The noise curve above show a steady noise level of around 21 dBA (at 1m, presumably), and a hinge starting at 325W, at which point the noise rises fairly quickly. We have to assume that the load refers to typical temperatures reached at the plotted power levels, since every PSU we’ve tested only ties fan speed to temperature, not actual power output. Ambient temperature during the test has a strong impact on noise behavior, but this data is not provided.
The efficiency curves shown above are also very detailed and show a realistic midrange peak with falloff at either extremes. The 2~4 percentage point advantage in efficiency at 230VAC jibes perfectly well with our own comparison tests of PSU efficiency at 120 VAC versus 240 VAC.
EXTERNAL TOUR
The exterior of the TX650W is archetypical black.
Nothing out of the ordinary here.
No vents
other than the fan intake and…
…backside exhaust grill.
The label.
We know that Seasonic is the manufacturer, but the E307858 UL file number marked on the label is registered to Corsair.
OUTPUT CABLES
They are long and plentiful. There are a total of eight cable sets, all neatly sleeved:
- 22" cable for main 20+4-pin ATX connector
- 22" cable for 2/4-pin 12V AUX12V
- 2 x 24" cable for 6/8-pin PCIe connector – for the latest most power hungry graphics cards
- 2 x 37" cable with four 4-pin IDE connectors and one floppy drive connector
- 2 x 32" cable with four SATA drive connectors
All the output cables are sleeved.
INTERIOR
The internal layout of the components on the PCB is tidy. The black heatsinks are reminiscent of those used in Seasonic Tornado or first generation S12 power supplies.
Nice clean layout.
Heatsinks are reminiscent of those used in earlier Seasonic models.

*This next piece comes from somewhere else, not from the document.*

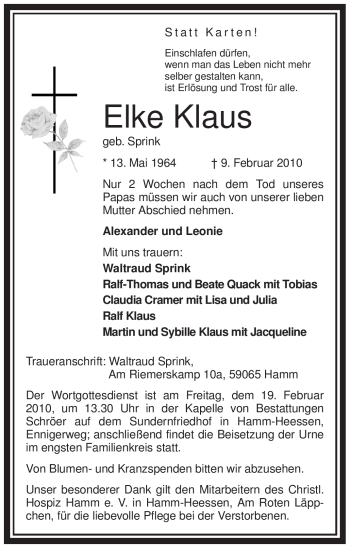 Traueranzeige von Elke Klaus von WESTFÄLISCHER ANZEIGER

High quality Japanese capacitors are used, rated for 105°C as in previous Corsairs.
The high speed ball bearing fan is made by Adda, similar to others used in many PSUs. Model AD1212HB-A71GL is rated for 89CFM and 39 dBA at 2200RPM and 12V. Judging from previous Corsair PSUs, the fan controller will keep it from getting anywhere close to full speed except under sustained full load.
Familiar Adda fan.
TESTING
For a fuller understanding of ATX power supplies, please read the reference
article Power Supply Fundamentals & Recommended
Units. Those who seek source materials can find Intel’s various PSU
design guides at Form
Factors.
For a complete rundown of testing equipment and procedures, please refer to
SPCR’s PSU Test Platform
V.4.1. The testing system is a close simulation of a moderate airflow
mid-tower PC optimized for low noise.
In the test rig, the ambient temperature of the PSU varies proportionately
with its output load, which is exactly the way it is in a real PC environment.
But there is the added benefit of a high power load tester which allows incremental
load testing all the way to full power for any non-industrial PC power supply.
Both fan noise and voltage are measured at various standard loads. It is, in
general, a very demanding test, as the operating ambient temperature of the
PSU often reaches >40°C at full power. This is impossible to achieve
with an open test bench setup.
The 120mm fan responsible for "case airflow" is deliberately run
at a steady low level (~6-7V) when the system is run at "low" loads.
When the test loads become greater, the 120mm fan is turned up to a higher speed,
but one that doesn’t affect the noise level of the overall system. Anyone who
is running a system that draws 400W or more would definitely want more than
20CFM of airflow through their case, and at this point, the noise level of the
exhaust fan is typically not the greatest concern.
Great effort has been made to devise as realistic an operating
environment for the PSU as possible, but the thermal and noise results obtained
here still cannot be considered absolute. There are too many variables in PCs
and too many possible combinations of components for any single test environment
to provide infallible results. And there is always the bugaboo of sample variance.
These results are akin to a resume, a few detailed photographs, and some short
sound bites of someone you’ve never met. You’ll probably get a pretty good overall
representation, but it is not quite the same as an extended meeting in person.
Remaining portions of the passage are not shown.